A simple demographic analysis would shed some light on that subject. The area around the Virginia OLF had a median household income of approximately $51,000 per year with only 7 percent of the city’s residents living at or below the poverty line. Median income in
Washington County area was just under $29,000 per year, with 22 percent of the population at or below the poverty line. The Chesapeake area is 29 percent African-American, compared to 49 percent of the Washington County area 1. After a review of the Record of Decision from the court of appeals, the author determined that it was an issue of economics and politics. The Navy chose the location it did because the residences were less likely to interfere with their operation, and they did not possess the political or economic means that the residents around the Virginia did.

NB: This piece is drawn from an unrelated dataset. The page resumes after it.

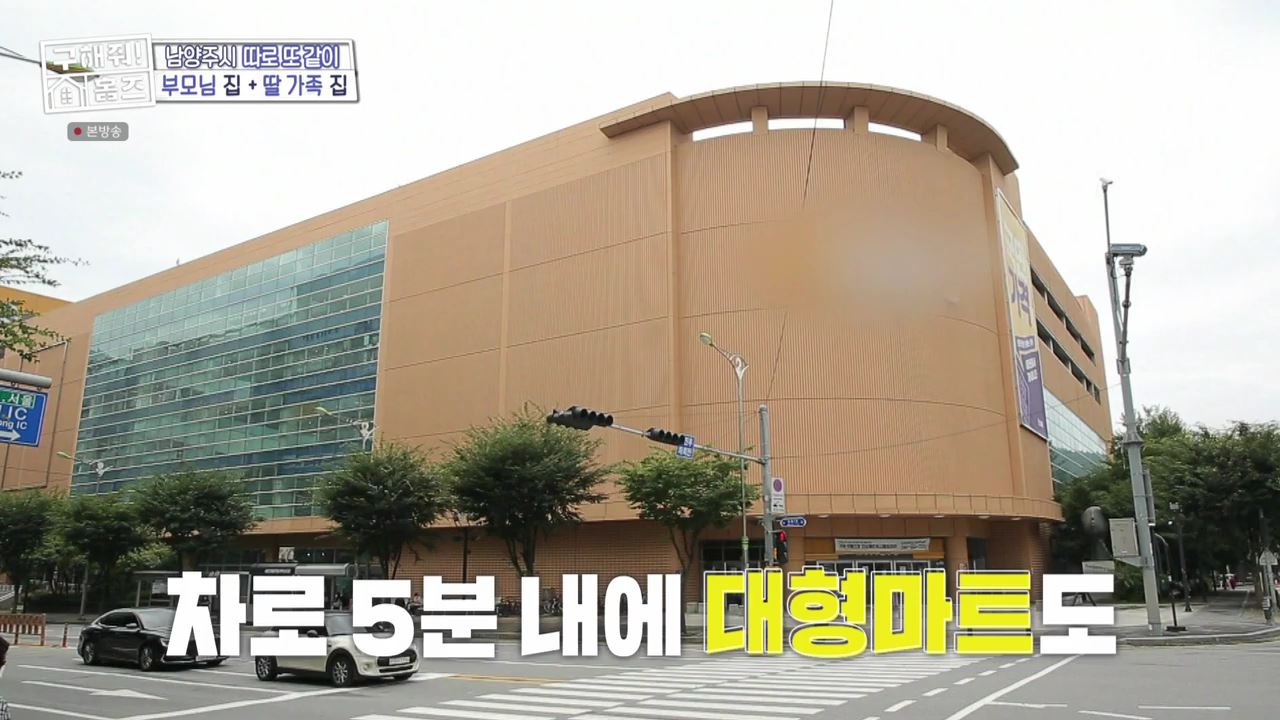 구해줘홈즈 남양주 호평동 아파트 따뜻한 복층처럼 매물 가격 및 구조 인테리어 리모델링 최종선택 소개 다시보기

The author cited the Navy’s DEIS and SEIS as a blatant disregard for the NEPA process and most striking of the specific failures identified in the article was the Bird Aircraft Strike Hazard (BASH) analysis that the Navy was required to perform. The Navy concluded that the strike hazard was minimal and the risk to pilots was not significant. Many flight operations experts disagreed and with a retired air force colonial calling the Navy selection one of the worst areas in the U.S. with respect to a potential BASH hazard. In addition to the BASH analysis, it was cited that the Navy also failed to disclose negative evidence to their position, failed to properly conduct comparative analysis and did not assess the cumulative environmental impacts.
In the text there was a distinction direct and indirect intent. This case could prove difficult to classify in that context, but I would be inclined to argue for direct discrimination based on the through reverse engineering process engaging in by the Navy as well as the omission of facts relevant to the issues at hand. One could argue for market rationality based of the value of land and the location of the Washington county land to Naval Support Operations, but as the author described the Navy’s disregard of the NEPA process with the subjective intent being clear. Also the weakened political strength on the Washington County Area as well as the States economics reliance on the Navy’s presence in the areas supports a position of direct intent.
Eubanks, William S., Environmental Justice for All? The Navy's Recent Failure to Protect North Carolina's Citizens(April 15, 2008). North Carolina Central Law Review, Vol. 30, p. 206, 2008. Available at SSRN: http://ssrn.com/abstract=1285559
1. A Source of the demographical statistics was not provided in the article.